The stated aim of 3i is "to grow GES as the largest independent global player in wind farm construction and O&M," as the company's Shaun Kingsbury puts it, including Siemsa activities under the GES umbrella. "We'll choose a new name shortly," he adds.
With around EUR 24.5 billion worth of investments made over its 60 year life, 3i is a major investor in upstream oil and gas. The GES deal marks its first major move into the midstream energy field, where it aims to focus further investment.
The company describes GES as already "the international leader in wind farm construction and maintenance." It says it was attracted by GES's "strong and experienced management team," which will remain on board." Combined, GES and Siemsa profit was EUR 11.1 million over 2005, from sales of EUR 210 million. Two-thirds of the business volume comes from wind, most of that through plant construction, "But a considerable amount also through O&M," says Kingsbury. However, 3i will also strengthen the other third of GES-Siemsa's business, mainly petrochemical and vehicle plant construction and maintenance.

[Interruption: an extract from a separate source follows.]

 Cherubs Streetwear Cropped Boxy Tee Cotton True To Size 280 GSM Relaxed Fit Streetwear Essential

Apart from building on GES's stronghold markets in Spain, Portugal, Germany and Italy, 3i aims to springboard budding business in the UK and, especially, the booming US wind market. The company also plans to build on GES experience in Egypt and Morocco. It has no deadline or fixed growth objective before selling GES on. "Right now, we're just focussing on growing it as much as possible," says Kingsbury.
Meanwhile, Gamesa's full intentions are less clear. Holding group Gamesa Corporación says disinvesting GES allows it to concentrate on its core businesses of turbine engineering, design and manufacturing together with developing and selling wind plants. But, at the same time, Gamesa will "continue to direct and manage" its wind plant construction and O&M activities, confirms the company's Belén Miguez. Exactly how it will do this given the sale of its construction and O&M division to 3i, Gamesa declines to confirm.

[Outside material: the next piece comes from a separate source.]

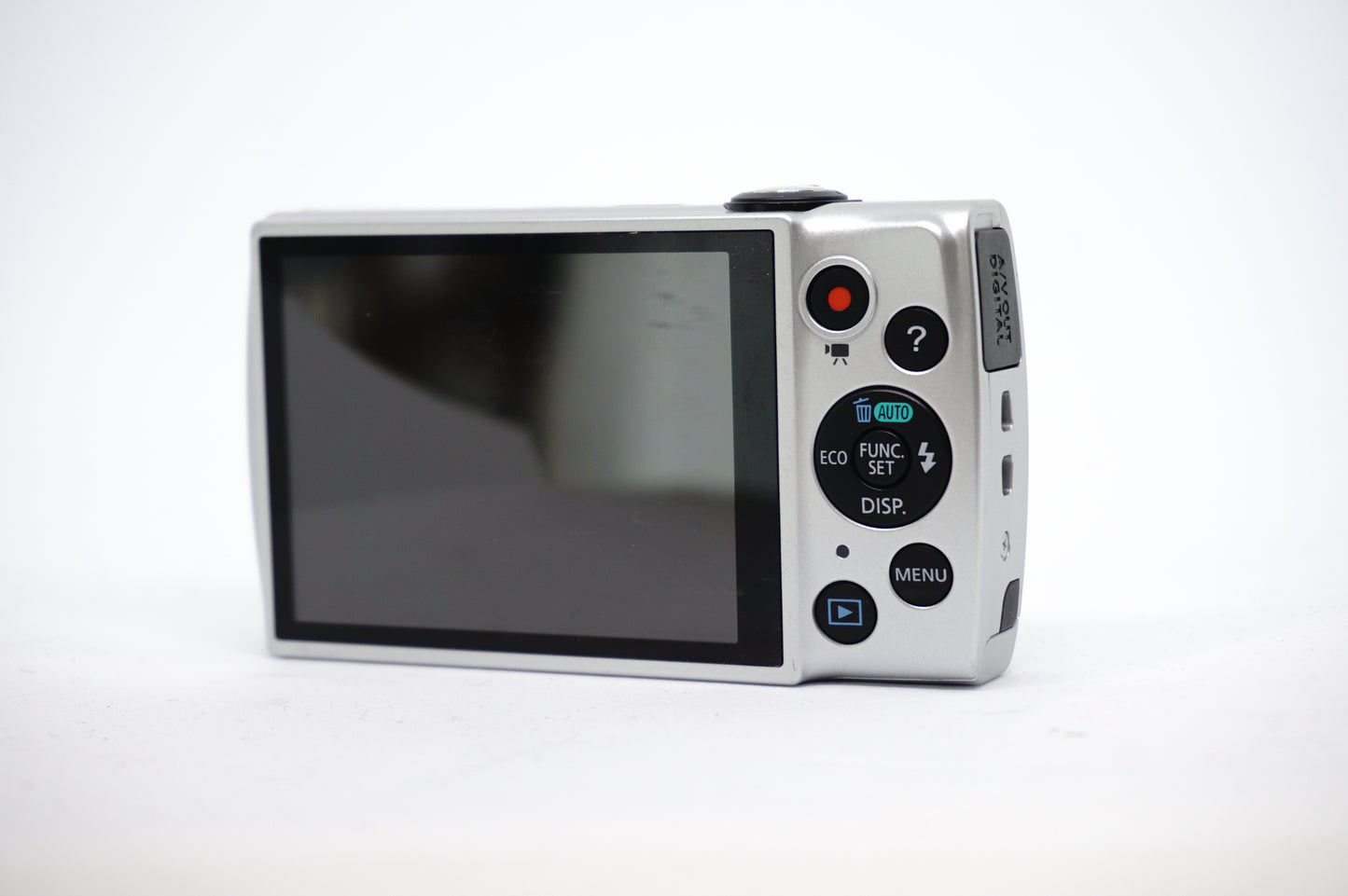 Canon Silver 5X Zoom Compact Digital Camera back view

Kinsgbury throws some light on the matter. Via a framework agreement as part of the sales deal, Gamesa will continue to be GES's biggest customer and the two will grow hand-in-hand globally. While GES has long-since built wind projects, not only for Gamesa but also for other developers and turbine manufacturers, technologically sensitive and confidential operations, such as plant commissioning, are left to the turbine supplier. Similarly, O&M work outsourced to third parties is usually at balance-of-plant level, mainly focussed on substations, whereas work on the turbine guts is controlled by the manufacturers themselves. Ga-mesa, however, declines to confirm whether or not it will retain a dedicated team to direct each job outsourced to GES.
As 3i builds GES's customer base, including other turbine manufacturers, the difference in its hands-on expertise between Gamesa and other technologies will become clearer. So too will the efficiency of Gamesa's outsourcing of all plant construction and O&M while keeping tabs on its technological secrets.
Meanwhile, Spanish analysts differ on whether or not less vertical integration is positive for Gamesa. After news of the sale the company's share price rose 7.75%, but that may also have been influenced by the imminent sale of the aeronautics division and a statement of further commitment to wind by Gamesa's single biggest single shareholder and turbine client, utility Iberdrola.